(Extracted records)
>>>>
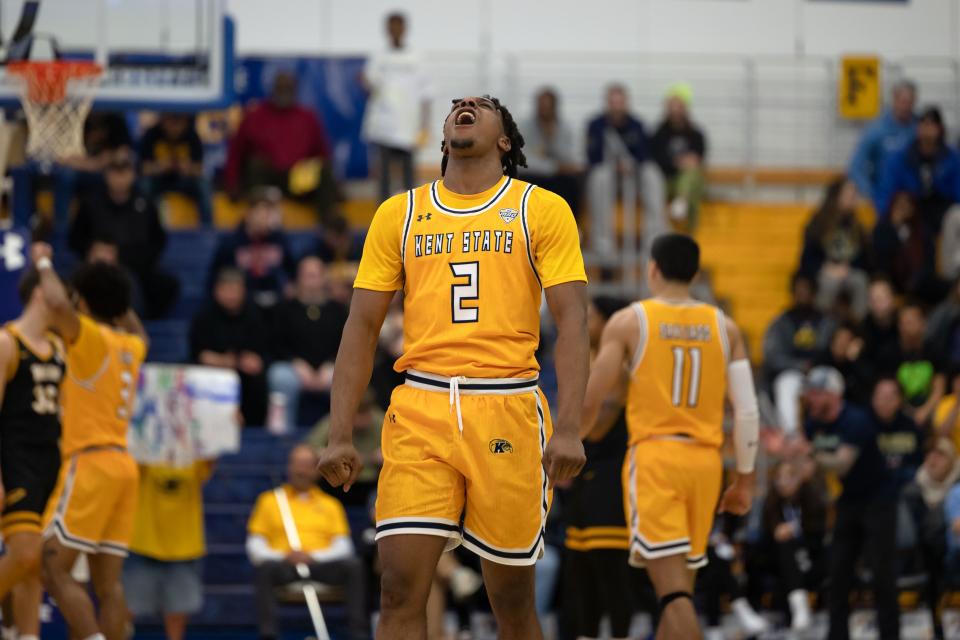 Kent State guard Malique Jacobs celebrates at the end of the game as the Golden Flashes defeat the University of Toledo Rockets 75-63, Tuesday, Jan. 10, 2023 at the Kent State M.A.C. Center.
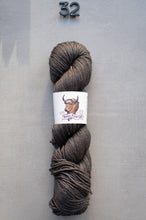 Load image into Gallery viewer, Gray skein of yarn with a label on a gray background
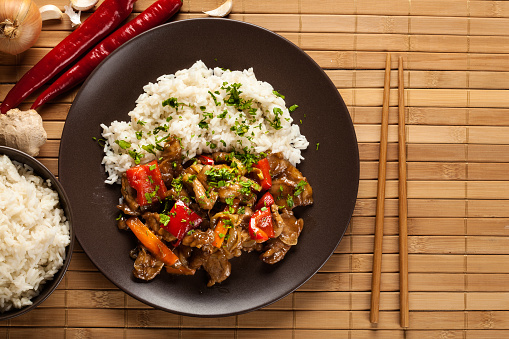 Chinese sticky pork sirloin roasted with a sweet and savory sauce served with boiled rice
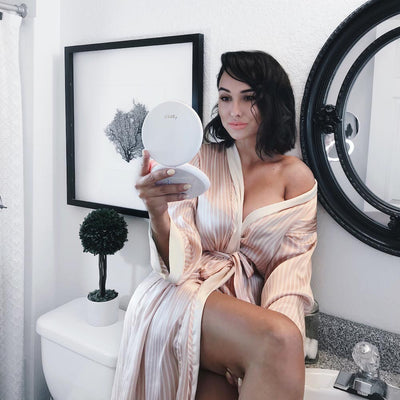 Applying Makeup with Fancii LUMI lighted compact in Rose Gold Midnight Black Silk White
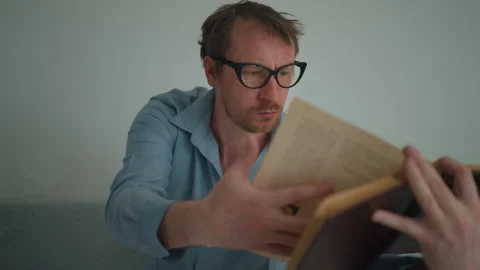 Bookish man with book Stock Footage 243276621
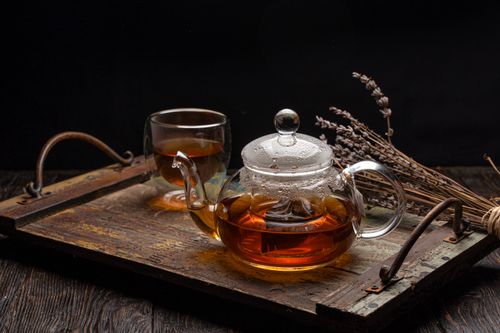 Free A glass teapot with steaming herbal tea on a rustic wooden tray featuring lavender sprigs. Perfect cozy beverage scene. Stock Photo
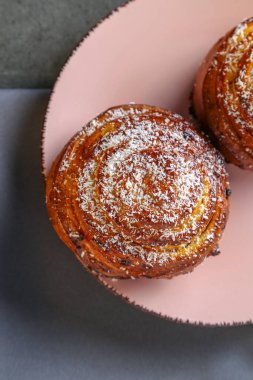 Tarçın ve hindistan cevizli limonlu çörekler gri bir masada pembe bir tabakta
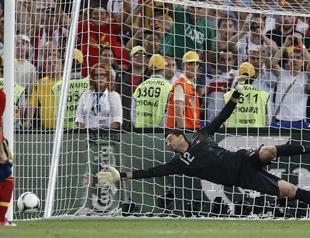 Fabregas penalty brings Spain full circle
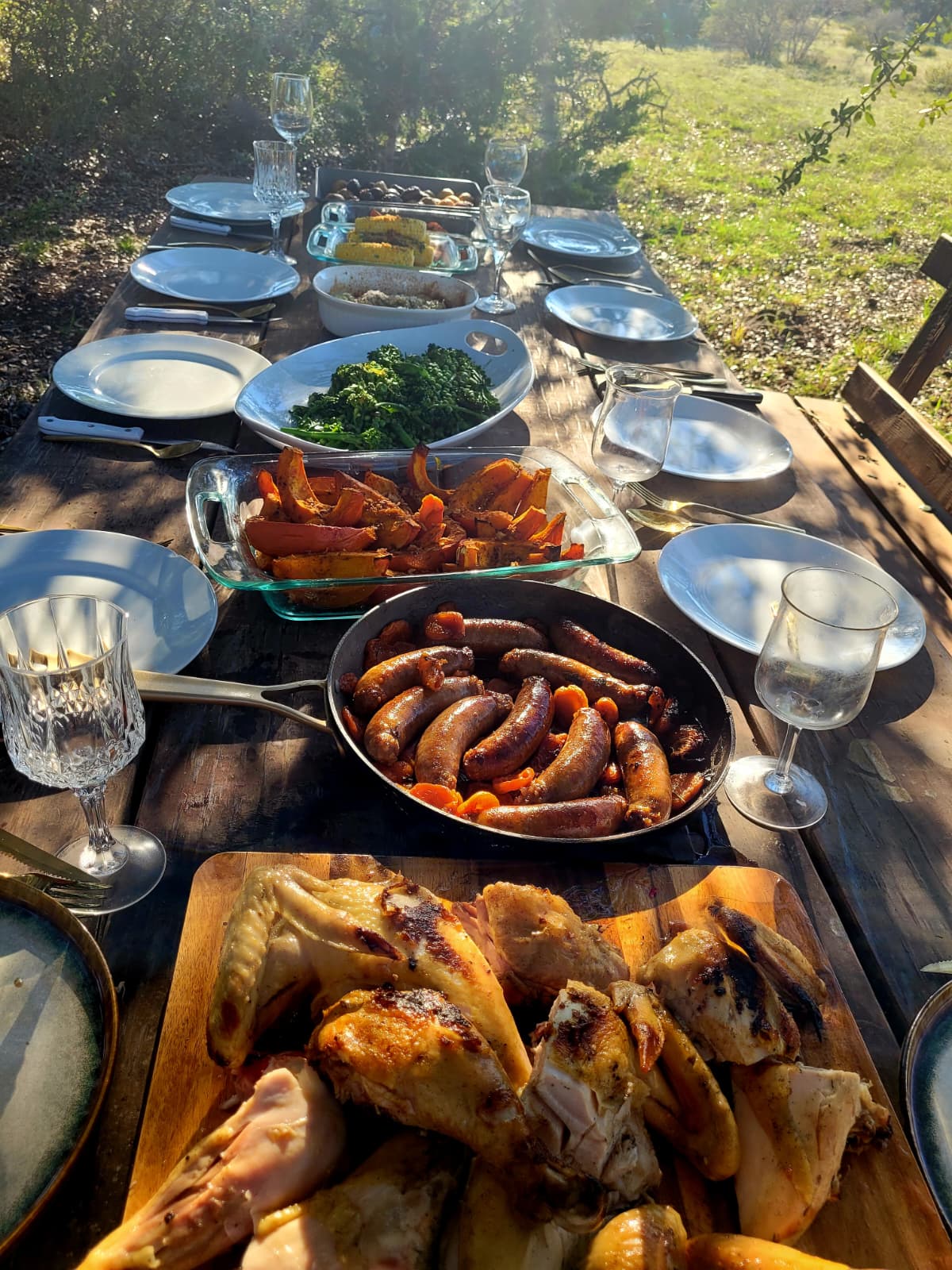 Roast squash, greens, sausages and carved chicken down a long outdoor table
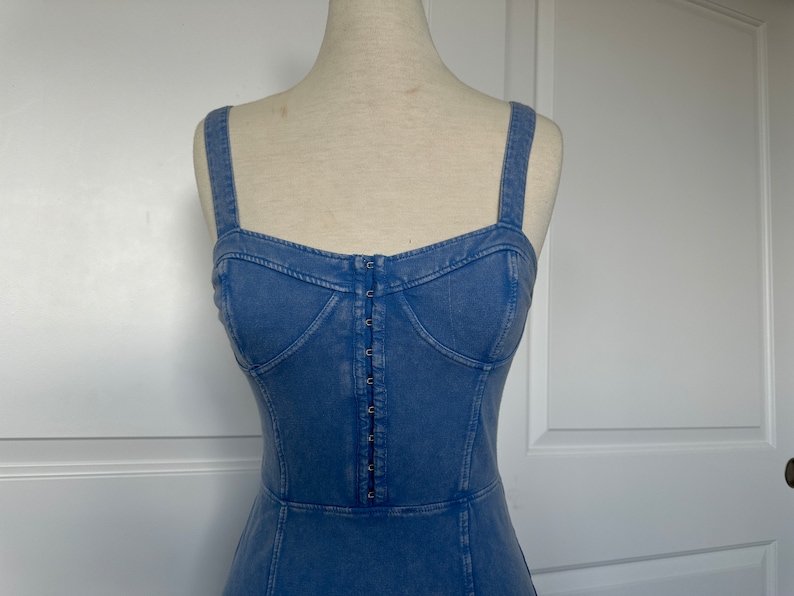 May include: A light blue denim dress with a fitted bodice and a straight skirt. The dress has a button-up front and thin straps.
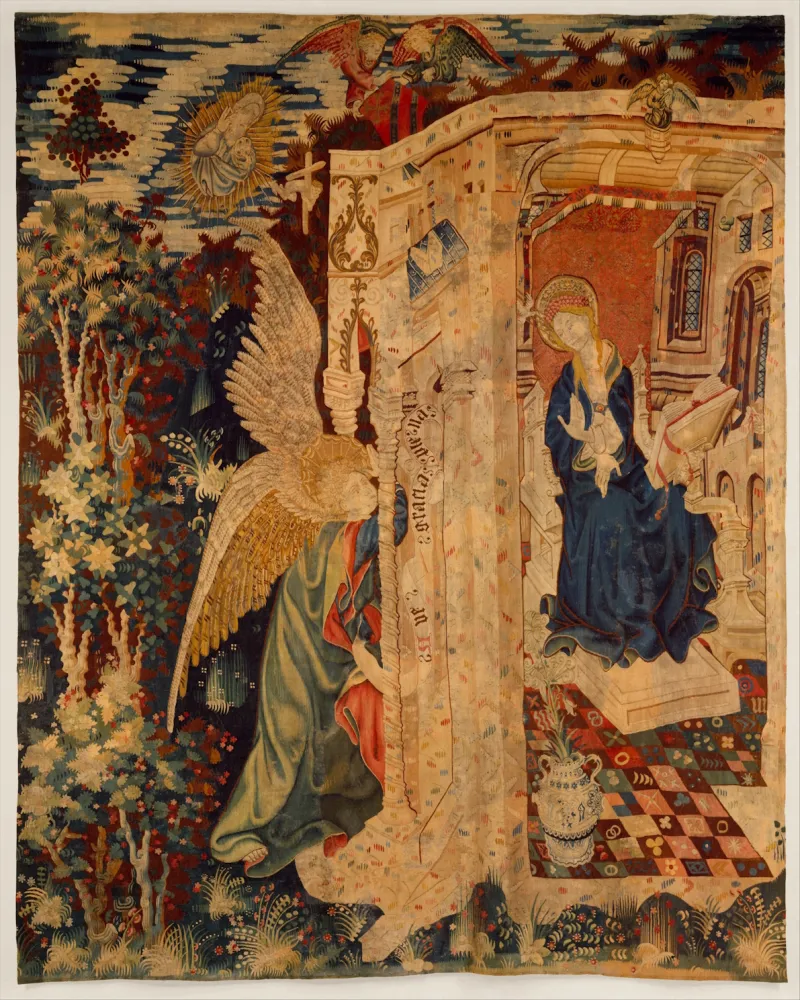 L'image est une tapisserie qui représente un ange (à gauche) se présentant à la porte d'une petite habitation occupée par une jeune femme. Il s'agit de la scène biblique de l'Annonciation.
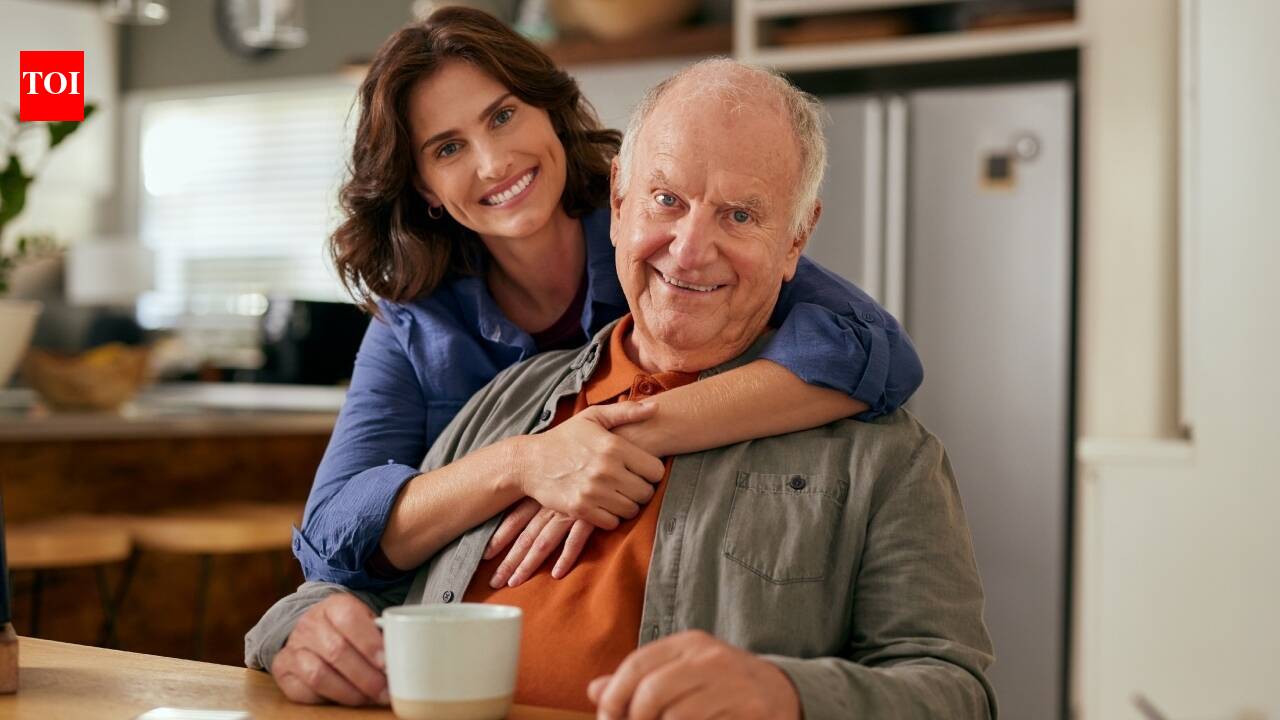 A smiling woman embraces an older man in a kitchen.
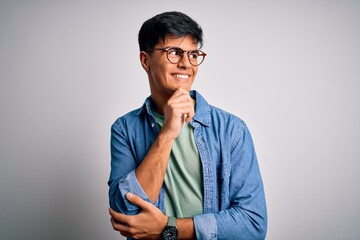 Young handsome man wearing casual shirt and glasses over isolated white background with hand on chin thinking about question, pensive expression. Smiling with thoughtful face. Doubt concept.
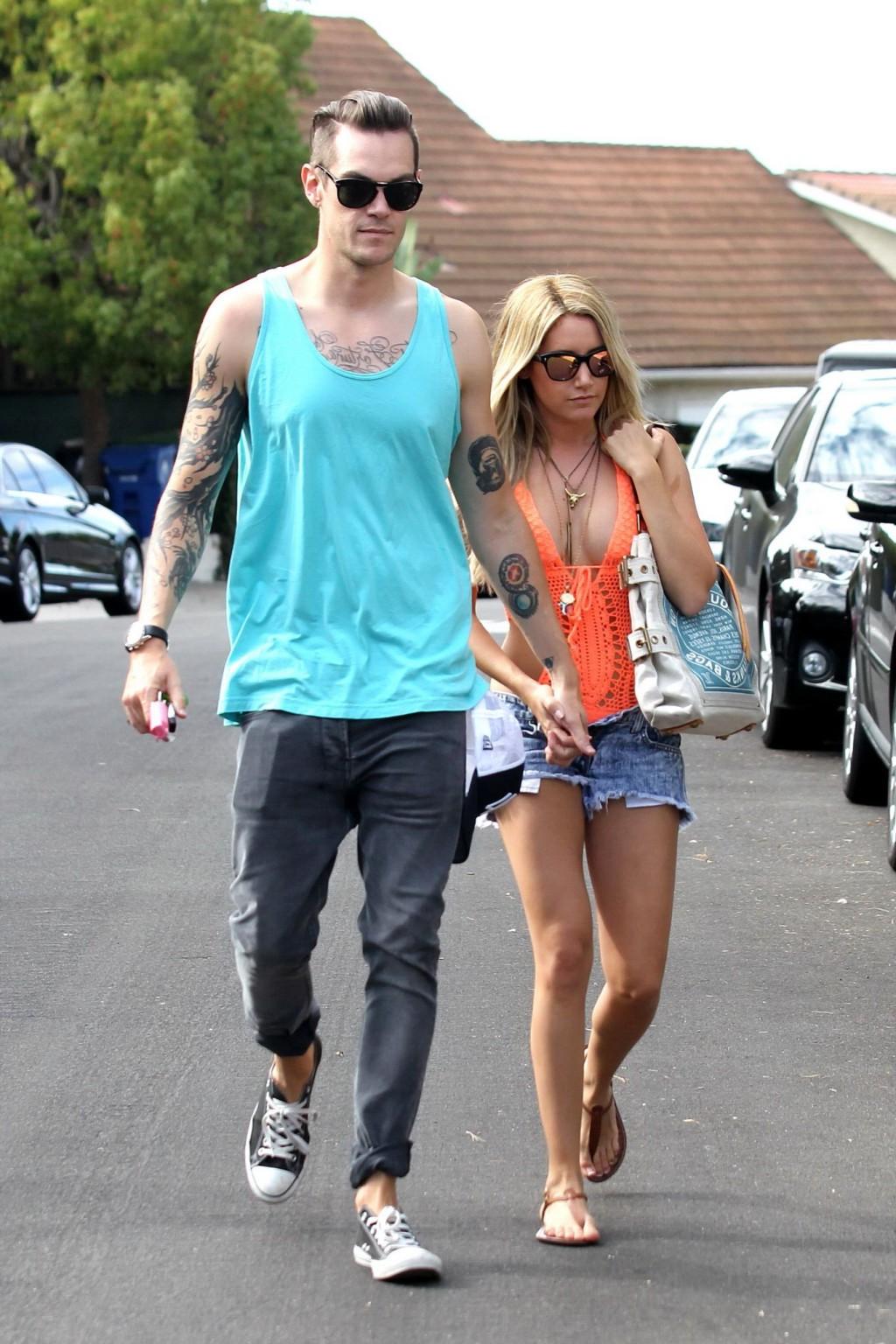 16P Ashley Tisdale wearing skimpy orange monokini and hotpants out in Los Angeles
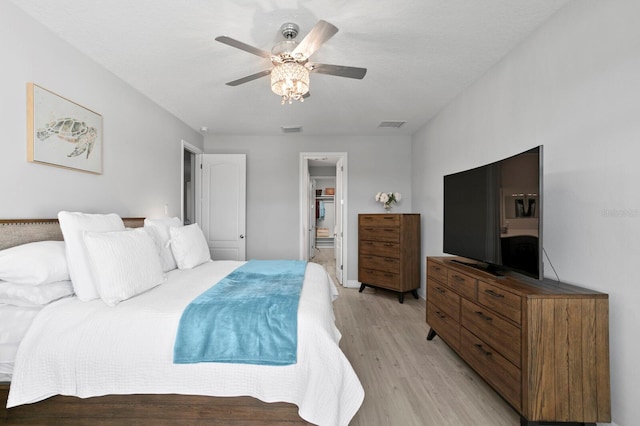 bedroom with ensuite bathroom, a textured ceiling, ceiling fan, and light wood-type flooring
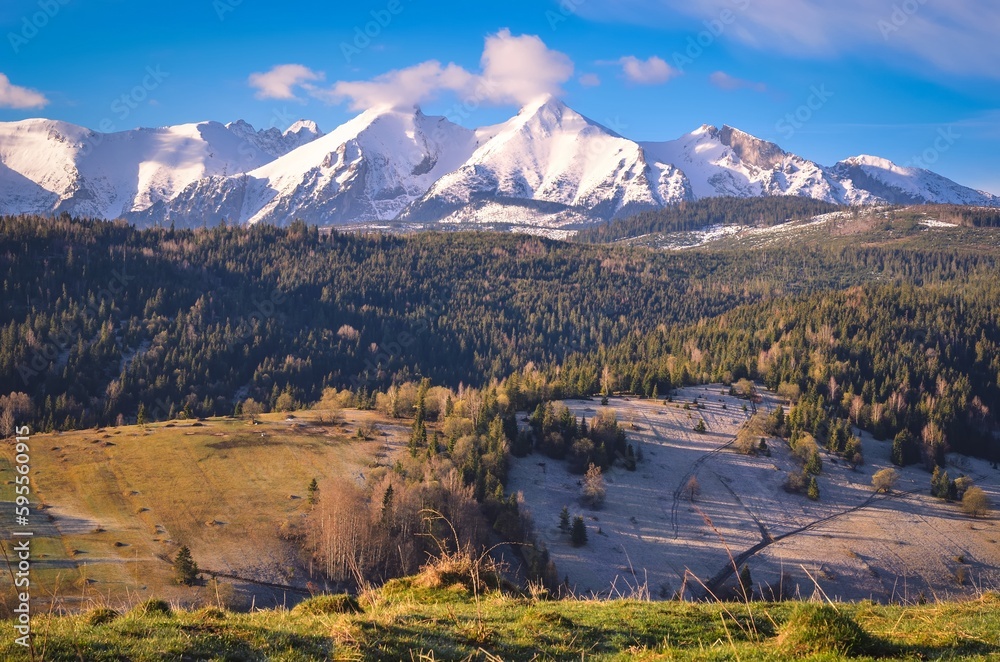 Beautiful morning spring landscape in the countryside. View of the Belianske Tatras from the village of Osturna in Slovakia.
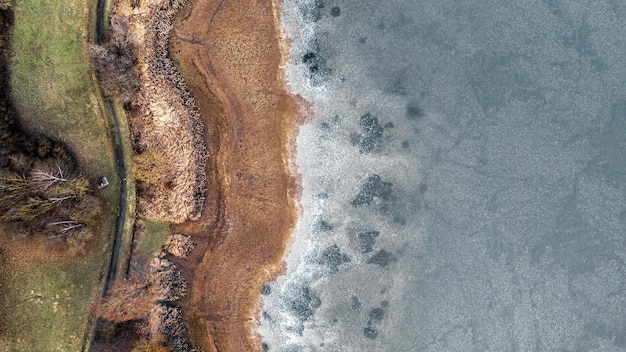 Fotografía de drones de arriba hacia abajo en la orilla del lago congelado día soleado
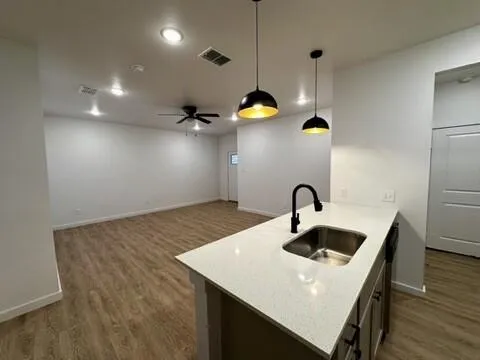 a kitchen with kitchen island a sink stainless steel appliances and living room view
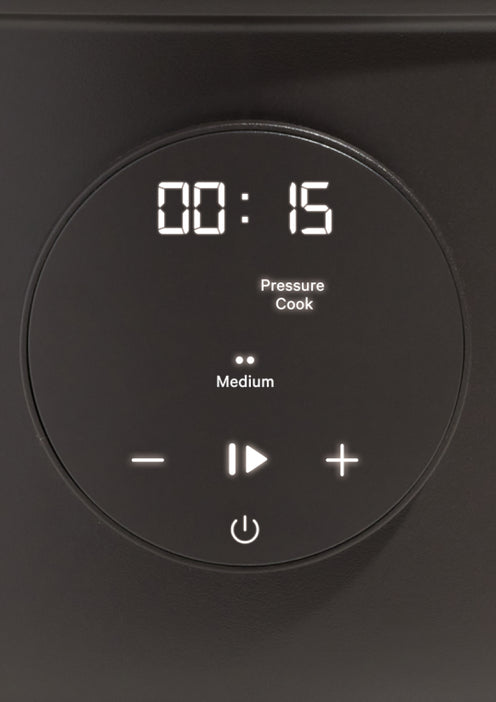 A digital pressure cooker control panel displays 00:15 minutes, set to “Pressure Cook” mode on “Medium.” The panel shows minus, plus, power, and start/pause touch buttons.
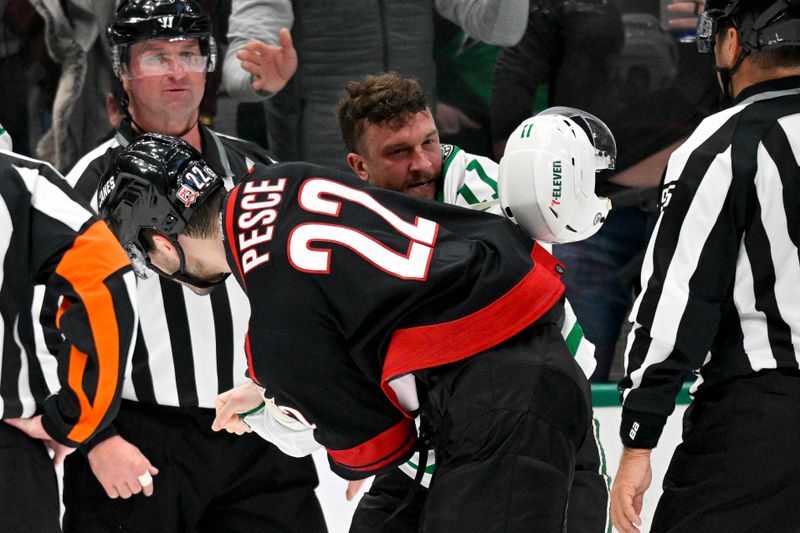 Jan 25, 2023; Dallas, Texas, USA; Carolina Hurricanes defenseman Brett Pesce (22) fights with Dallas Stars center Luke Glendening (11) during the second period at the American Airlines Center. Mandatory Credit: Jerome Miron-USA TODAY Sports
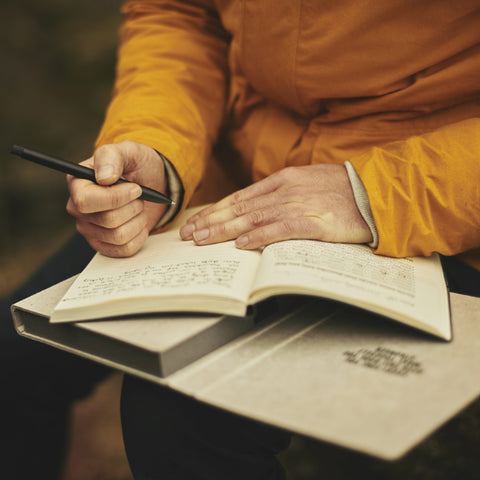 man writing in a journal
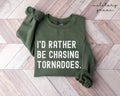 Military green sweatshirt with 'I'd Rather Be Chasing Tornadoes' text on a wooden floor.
<<<<
• _Your assignment_
For this exercise, transcribe the entries verbatim and skip all pictures.

• _Written response_
 Kent State guard Malique Jacobs celebrates at the end of the game as the Golden Flashes defeat the University of Toledo Rockets 75-63, Tuesday, Jan. 10, 2023 at the Kent State M.A.C. Center.
 Load image into Gallery viewer, Gray skein of yarn with a label on a gray background
 Chinese sticky pork sirloin roasted with a sweet and savory sauce served with boiled rice
 Applying Makeup with Fancii LUMI lighted compact in Rose Gold Midnight Black Silk White
 Bookish man with book Stock Footage 243276621
 Free A glass teapot with steaming herbal tea on a rustic wooden tray featuring lavender sprigs. Perfect cozy beverage scene. Stock Photo
 Tarçın ve hindistan cevizli limonlu çörekler gri bir masada pembe bir tabakta
 Fabregas penalty brings Spain full circle
 Roast squash, greens, sausages and carved chicken down a long outdoor table
 May include: A light blue denim dress with a fitted bodice and a straight skirt. The dress has a button-up front and thin straps.
 L'image est une tapisserie qui représente un ange (à gauche) se présentant à la porte d'une petite habitation occupée par une jeune femme. Il s'agit de la scène biblique de l'Annonciation.
 A smiling woman embraces an older man in a kitchen.
 Young handsome man wearing casual shirt and glasses over isolated white background with hand on chin thinking about question, pensive expression. Smiling with thoughtful face. Doubt concept.
 16P Ashley Tisdale wearing skimpy orange monokini and hotpants out in Los Angeles
 bedroom with ensuite bathroom, a textured ceiling, ceiling fan, and light wood-type flooring
 Beautiful morning spring landscape in the countryside. View of the Belianske Tatras from the village of Osturna in Slovakia.
 Fotografía de drones de arriba hacia abajo en la orilla del lago congelado día soleado
 a kitchen with kitchen island a sink stainless steel appliances and living room view
 A digital pressure cooker control panel displays 00:15 minutes, set to “Pressure Cook” mode on “Medium.” The panel shows minus, plus, power, and start/pause touch buttons.
 Jan 25, 2023; Dallas, Texas, USA; Carolina Hurricanes defenseman Brett Pesce (22) fights with Dallas Stars center Luke Glendening (11) during the second period at the American Airlines Center. Mandatory Credit: Jerome Miron-USA TODAY Sports
 man writing in a journal
 Military green sweatshirt with 'I'd Rather Be Chasing Tornadoes' text on a wooden floor.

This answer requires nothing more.